Security & Permissions
Understanding the permissions required for SP Toolkit and how your data is protected during migrations.
Your Data Never Leaves Your Tenant
SP Toolkit runs entirely within your SharePoint environment. Data flows directly between source and target—never through third-party servers.
Same-Tenant Permissions
Migrations within a single Microsoft 365 tenant
Same-tenant migrations use your existing SharePoint permissions. No additional app registration or API permissions required.

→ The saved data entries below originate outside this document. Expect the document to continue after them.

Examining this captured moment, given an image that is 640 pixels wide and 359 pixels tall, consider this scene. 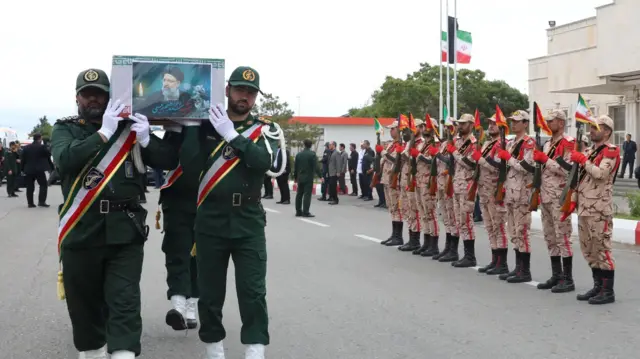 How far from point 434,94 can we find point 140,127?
183ft

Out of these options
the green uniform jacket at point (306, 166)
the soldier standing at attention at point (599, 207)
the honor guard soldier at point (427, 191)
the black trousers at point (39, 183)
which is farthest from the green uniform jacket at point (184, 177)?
the black trousers at point (39, 183)

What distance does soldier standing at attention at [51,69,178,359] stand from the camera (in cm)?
453

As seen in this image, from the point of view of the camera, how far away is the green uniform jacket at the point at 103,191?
14.8 feet

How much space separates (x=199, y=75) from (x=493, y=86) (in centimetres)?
6300

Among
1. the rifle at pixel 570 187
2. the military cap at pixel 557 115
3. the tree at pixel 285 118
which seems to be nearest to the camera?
the rifle at pixel 570 187

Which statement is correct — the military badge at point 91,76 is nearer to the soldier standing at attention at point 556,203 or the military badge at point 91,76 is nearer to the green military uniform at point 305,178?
the soldier standing at attention at point 556,203

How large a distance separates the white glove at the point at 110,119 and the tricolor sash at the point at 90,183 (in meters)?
0.15

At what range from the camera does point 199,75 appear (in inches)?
189

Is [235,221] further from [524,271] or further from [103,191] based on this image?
[524,271]

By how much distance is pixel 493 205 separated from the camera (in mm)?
9938

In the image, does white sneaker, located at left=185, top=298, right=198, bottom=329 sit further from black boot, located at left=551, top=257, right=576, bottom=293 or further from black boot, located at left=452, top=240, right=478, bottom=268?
black boot, located at left=452, top=240, right=478, bottom=268

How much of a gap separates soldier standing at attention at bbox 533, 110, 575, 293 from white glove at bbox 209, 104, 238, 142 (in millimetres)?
4925

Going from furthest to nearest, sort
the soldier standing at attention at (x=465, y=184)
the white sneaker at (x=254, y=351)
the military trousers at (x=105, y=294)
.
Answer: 1. the soldier standing at attention at (x=465, y=184)
2. the white sneaker at (x=254, y=351)
3. the military trousers at (x=105, y=294)

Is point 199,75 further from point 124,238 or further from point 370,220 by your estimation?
point 370,220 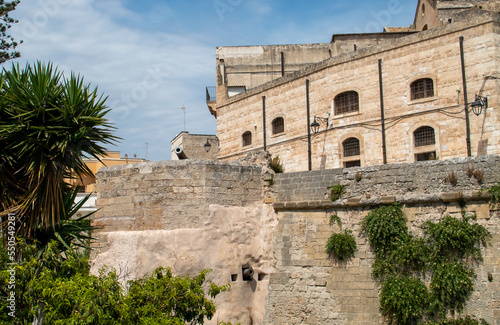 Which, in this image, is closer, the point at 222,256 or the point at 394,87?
the point at 222,256

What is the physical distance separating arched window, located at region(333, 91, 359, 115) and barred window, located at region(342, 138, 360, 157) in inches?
45.3

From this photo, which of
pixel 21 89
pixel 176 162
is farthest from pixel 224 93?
pixel 21 89

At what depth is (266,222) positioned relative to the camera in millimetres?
11195

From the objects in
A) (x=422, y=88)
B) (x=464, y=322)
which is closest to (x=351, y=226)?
(x=464, y=322)

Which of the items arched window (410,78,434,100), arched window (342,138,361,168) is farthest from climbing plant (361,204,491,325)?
arched window (342,138,361,168)

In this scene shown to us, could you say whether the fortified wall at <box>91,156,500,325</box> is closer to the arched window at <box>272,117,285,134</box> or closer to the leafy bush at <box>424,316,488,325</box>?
the leafy bush at <box>424,316,488,325</box>

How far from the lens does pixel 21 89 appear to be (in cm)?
880

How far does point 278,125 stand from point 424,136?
6.71 metres

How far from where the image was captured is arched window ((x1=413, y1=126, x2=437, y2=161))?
1905 cm

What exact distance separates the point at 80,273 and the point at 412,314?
5563mm

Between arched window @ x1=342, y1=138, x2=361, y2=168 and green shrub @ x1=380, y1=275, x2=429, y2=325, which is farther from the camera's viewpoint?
arched window @ x1=342, y1=138, x2=361, y2=168

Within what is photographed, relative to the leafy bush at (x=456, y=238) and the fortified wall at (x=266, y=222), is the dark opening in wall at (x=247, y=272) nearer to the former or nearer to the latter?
the fortified wall at (x=266, y=222)

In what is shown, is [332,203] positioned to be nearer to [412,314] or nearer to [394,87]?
[412,314]

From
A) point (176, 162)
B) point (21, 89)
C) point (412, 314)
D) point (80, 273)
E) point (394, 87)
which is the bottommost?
point (412, 314) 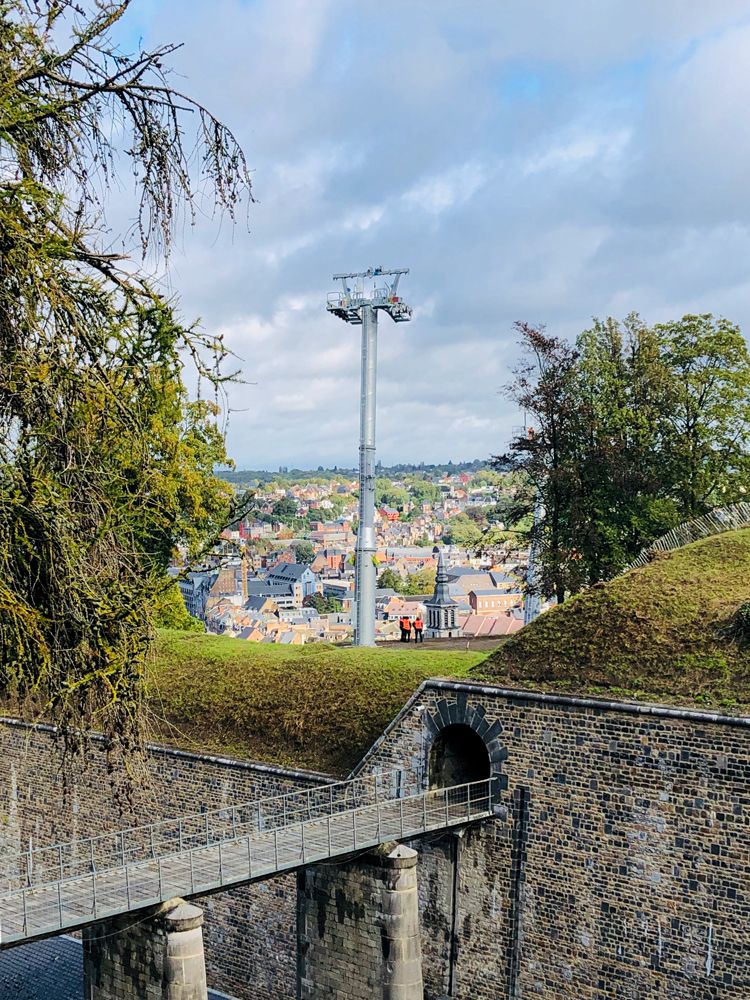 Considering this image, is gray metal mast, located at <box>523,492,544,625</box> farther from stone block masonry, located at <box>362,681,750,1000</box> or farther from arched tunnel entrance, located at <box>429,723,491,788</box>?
stone block masonry, located at <box>362,681,750,1000</box>

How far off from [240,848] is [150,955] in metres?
2.42

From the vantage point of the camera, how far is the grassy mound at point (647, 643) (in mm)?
16812

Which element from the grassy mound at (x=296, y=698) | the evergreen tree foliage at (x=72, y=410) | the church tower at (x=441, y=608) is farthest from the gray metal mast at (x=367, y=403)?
the church tower at (x=441, y=608)

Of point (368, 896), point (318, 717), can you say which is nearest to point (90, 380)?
point (368, 896)

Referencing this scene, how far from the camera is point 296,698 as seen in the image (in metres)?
22.4

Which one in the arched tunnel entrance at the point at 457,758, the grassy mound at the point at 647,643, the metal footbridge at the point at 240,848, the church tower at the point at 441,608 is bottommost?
the metal footbridge at the point at 240,848

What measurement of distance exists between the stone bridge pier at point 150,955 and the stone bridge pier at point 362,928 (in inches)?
117

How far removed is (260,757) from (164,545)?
11.5 metres

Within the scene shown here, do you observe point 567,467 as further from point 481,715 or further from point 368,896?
point 368,896

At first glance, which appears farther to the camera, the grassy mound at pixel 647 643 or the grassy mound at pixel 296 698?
the grassy mound at pixel 296 698

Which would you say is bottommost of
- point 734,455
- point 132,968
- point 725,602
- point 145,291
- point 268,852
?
point 132,968

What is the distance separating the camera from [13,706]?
755 centimetres

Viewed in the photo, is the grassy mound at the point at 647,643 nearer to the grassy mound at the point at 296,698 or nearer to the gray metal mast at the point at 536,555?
the grassy mound at the point at 296,698

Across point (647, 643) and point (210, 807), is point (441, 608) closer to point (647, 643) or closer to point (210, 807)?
point (210, 807) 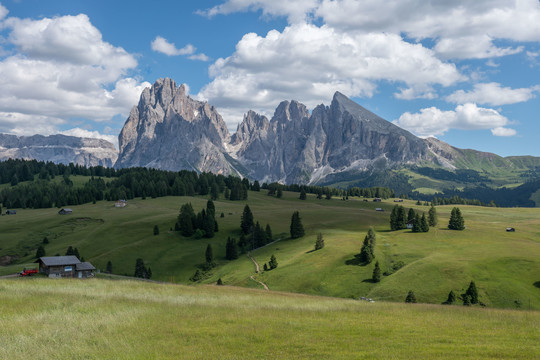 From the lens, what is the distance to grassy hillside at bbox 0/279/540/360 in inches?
680

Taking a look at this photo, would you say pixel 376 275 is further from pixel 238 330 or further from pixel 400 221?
pixel 400 221

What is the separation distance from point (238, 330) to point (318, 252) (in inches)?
2946

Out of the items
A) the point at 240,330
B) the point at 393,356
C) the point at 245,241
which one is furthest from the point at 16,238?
the point at 393,356

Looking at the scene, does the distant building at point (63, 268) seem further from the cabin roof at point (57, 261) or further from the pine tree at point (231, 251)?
the pine tree at point (231, 251)

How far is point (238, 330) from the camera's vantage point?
841 inches

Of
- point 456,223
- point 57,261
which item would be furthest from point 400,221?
point 57,261

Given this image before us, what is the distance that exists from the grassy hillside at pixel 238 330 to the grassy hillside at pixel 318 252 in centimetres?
4048

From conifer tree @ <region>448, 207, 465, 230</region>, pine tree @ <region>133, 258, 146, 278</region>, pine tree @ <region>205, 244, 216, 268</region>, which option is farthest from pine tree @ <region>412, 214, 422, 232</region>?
pine tree @ <region>133, 258, 146, 278</region>

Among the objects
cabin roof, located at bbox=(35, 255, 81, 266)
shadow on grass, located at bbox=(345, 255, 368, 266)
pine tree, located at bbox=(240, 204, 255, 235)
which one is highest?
pine tree, located at bbox=(240, 204, 255, 235)

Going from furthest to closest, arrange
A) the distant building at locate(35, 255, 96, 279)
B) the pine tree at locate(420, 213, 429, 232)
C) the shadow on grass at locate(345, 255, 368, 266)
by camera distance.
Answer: the pine tree at locate(420, 213, 429, 232) < the shadow on grass at locate(345, 255, 368, 266) < the distant building at locate(35, 255, 96, 279)

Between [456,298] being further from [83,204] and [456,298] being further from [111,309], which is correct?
[83,204]

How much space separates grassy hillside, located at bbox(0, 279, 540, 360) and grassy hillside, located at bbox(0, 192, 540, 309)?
4048 centimetres

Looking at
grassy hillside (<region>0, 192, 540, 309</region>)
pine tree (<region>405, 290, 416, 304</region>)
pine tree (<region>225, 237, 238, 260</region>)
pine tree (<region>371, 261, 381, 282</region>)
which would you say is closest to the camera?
pine tree (<region>405, 290, 416, 304</region>)

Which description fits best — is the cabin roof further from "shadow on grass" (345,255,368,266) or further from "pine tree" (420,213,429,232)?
"pine tree" (420,213,429,232) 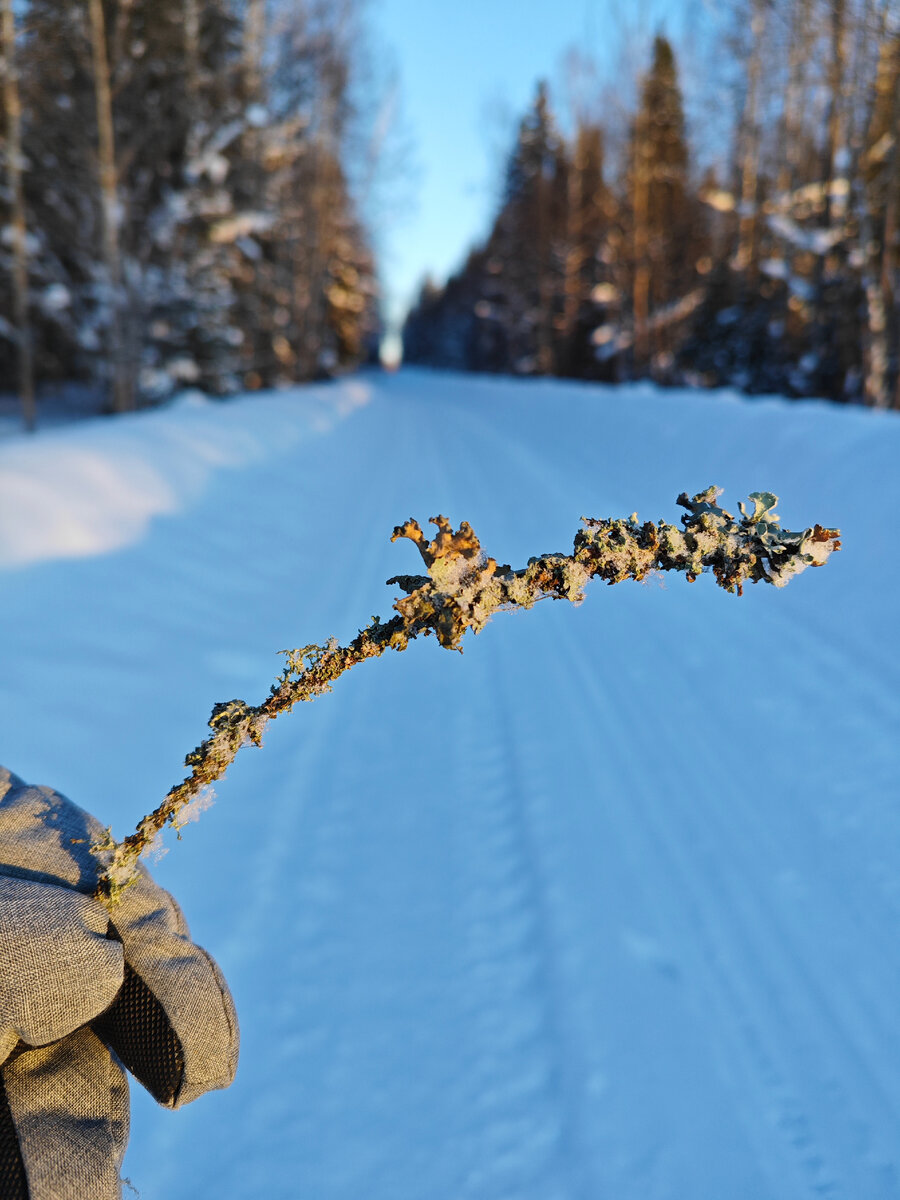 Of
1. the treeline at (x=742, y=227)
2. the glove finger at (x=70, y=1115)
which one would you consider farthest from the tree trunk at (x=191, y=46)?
the glove finger at (x=70, y=1115)

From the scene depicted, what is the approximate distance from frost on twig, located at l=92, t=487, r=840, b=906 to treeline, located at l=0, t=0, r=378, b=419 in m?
12.2

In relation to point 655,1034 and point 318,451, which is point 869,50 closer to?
point 318,451

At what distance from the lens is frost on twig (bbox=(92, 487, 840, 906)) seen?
41.6 inches

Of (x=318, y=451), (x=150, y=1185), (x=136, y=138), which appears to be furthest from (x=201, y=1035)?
(x=136, y=138)

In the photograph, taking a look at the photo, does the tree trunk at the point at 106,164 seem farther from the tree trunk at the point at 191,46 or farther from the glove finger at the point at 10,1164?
the glove finger at the point at 10,1164

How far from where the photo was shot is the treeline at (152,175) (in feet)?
39.0

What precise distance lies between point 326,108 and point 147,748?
23400 mm

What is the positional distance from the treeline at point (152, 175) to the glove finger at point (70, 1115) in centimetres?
1229

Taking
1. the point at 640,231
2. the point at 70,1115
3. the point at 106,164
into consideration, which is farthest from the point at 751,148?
the point at 70,1115

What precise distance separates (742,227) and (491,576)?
23.2m

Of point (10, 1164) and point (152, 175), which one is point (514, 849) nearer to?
point (10, 1164)

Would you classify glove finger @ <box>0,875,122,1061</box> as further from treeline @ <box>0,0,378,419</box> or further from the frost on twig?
treeline @ <box>0,0,378,419</box>

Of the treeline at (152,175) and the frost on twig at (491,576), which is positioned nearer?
the frost on twig at (491,576)

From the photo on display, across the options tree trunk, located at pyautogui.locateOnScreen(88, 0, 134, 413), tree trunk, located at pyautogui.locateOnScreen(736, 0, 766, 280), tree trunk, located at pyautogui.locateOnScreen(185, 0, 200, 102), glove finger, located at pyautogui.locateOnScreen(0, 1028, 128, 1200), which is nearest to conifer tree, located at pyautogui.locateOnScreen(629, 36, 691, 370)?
tree trunk, located at pyautogui.locateOnScreen(736, 0, 766, 280) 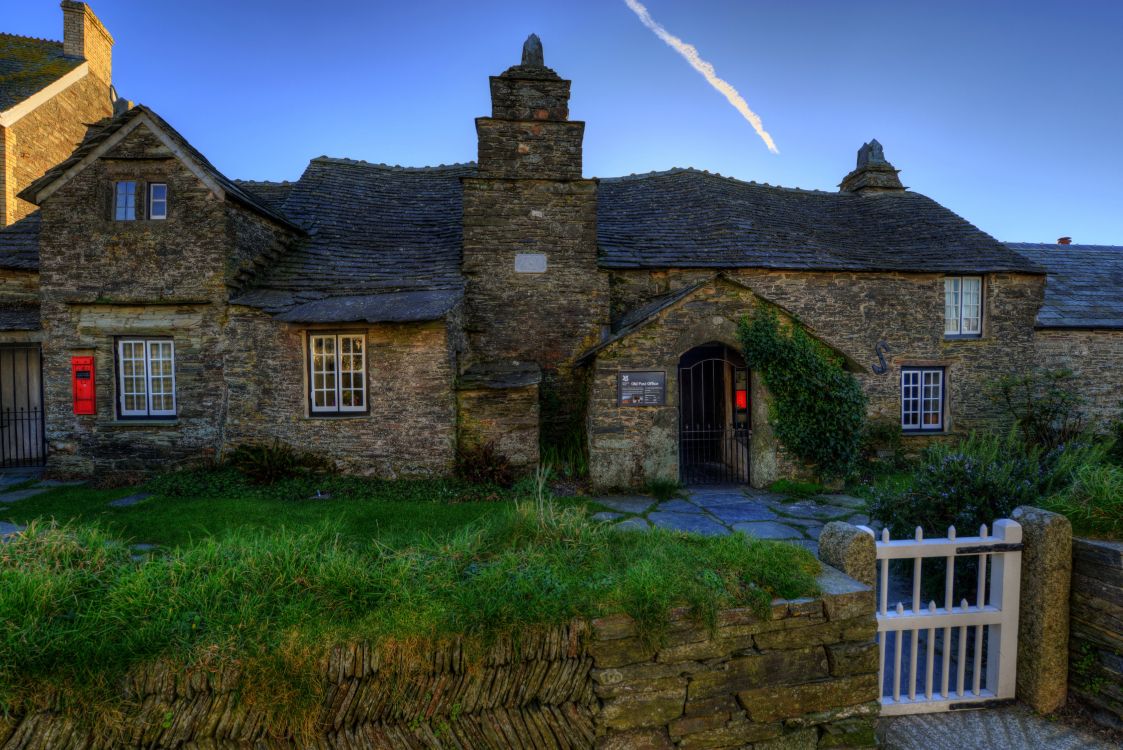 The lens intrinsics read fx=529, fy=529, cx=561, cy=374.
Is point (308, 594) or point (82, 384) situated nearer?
point (308, 594)

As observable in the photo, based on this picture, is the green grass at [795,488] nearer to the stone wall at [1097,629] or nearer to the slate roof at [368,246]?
the stone wall at [1097,629]

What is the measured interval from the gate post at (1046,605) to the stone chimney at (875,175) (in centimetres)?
1593

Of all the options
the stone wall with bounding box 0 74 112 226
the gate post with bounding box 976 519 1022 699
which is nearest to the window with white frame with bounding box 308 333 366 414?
the gate post with bounding box 976 519 1022 699

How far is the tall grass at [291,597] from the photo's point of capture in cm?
311

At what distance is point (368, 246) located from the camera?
1236 centimetres

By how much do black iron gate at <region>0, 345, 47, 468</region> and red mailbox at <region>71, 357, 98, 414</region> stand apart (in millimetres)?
3352

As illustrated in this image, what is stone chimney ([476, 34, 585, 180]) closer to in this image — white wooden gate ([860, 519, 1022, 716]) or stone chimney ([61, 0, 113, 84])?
white wooden gate ([860, 519, 1022, 716])

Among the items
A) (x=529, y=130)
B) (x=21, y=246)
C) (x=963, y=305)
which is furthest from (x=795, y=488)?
(x=21, y=246)

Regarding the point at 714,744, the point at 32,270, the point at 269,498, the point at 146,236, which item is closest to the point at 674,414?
the point at 714,744

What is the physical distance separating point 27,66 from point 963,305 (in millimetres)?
28296

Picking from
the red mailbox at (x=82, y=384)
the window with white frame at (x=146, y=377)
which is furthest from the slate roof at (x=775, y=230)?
the red mailbox at (x=82, y=384)

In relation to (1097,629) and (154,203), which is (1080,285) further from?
Result: (154,203)

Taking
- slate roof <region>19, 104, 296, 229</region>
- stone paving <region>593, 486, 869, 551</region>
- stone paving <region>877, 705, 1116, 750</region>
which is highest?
slate roof <region>19, 104, 296, 229</region>

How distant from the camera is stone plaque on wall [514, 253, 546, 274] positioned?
1146 cm
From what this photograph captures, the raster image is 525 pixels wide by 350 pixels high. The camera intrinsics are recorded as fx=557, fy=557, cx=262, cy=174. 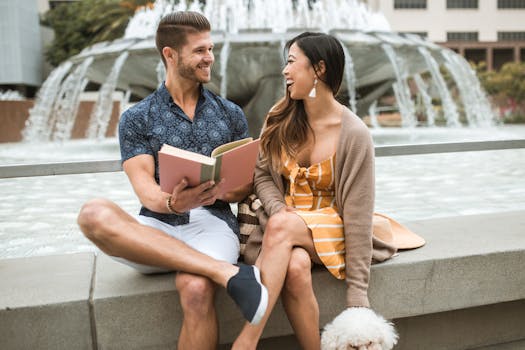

| Permission | Scope | Purpose | Required |
|---|---|---|---|
| SharePoint Administrator | Tenant | Deploy to tenant-wide App Catalog | Required |
| Site Collection Administrator | Site | Deploy to site collection App Catalog | Required |
| Full Control / Design | Lists | Create lists, modify schema, write items | Required |
Cross-Tenant Permissions
Migrations between different Microsoft 365 tenants
Cross-tenant migrations require an Azure AD App Registration with Microsoft Graph API permissions. Admin consent is required for most permissions.
| Permission | Type | Purpose | Required |
|---|---|---|---|
Sites.Read.All | Application | Read sites and lists from source tenant | Required |
Sites.ReadWrite.All | Application | Write to target tenant sites and lists | Required |
User.Read.All | Delegated | Resolve user fields across tenants | Required |
TermStore.ReadWrite.All | Application | Read/write managed metadata terms | Recommended |
Directory.Read.All | Delegated | User lookup fallbacks | Recommended |
Setting Up Azure AD App Registration
- 1.Go to Azure Portal → Azure Active Directory → App registrations
- 2.Click New registration. Name it (e.g., "SharePoint Migration Tool")
- 3.Set redirect URI to
https://login.microsoftonline.com/common/oauth2/nativeclient - 4.Go to API permissions → Add a permission → Microsoft Graph
- 5.Add the permissions listed above (Sites.Read.All, Sites.ReadWrite.All, User.Read.All)
- 6.Click Grant admin consent (requires Global Administrator)
- 7.Copy the Application (client) ID and Directory (tenant) ID
Authentication Methods
SPFx Context
Same-tenant migrations use the current user's SharePoint context automatically.
Same-TenantMSAL Browser
Cross-tenant uses Microsoft Authentication Library with Azure AD App Registration.
Cross-TenantGraph API
Bearer token authentication for Microsoft Graph operations.
Cross-TenantSecurity Features
Token Caching
Secure in-memory token storage with automatic renewal
Scope Validation
Permission verification before migration starts
Tenant Isolation
Separate authentication contexts per tenant
Admin Consent URLs
UI helper for generating permission grant URLs
Security Best Practices
Use Least Privilege
Only grant the minimum permissions required. For read-only analysis, Sites.Read.All is sufficient.
Rotate Secrets Regularly
If using client secrets for app registration, rotate them according to your organization's security policies.
Audit Migration Activities
SP Toolkit generates detailed logs. Export and retain these for compliance and audit purposes.
Review Admin Consent Carefully
Admin consent grants permissions tenant-wide. Review the permissions carefully and revoke when migration is complete if appropriate.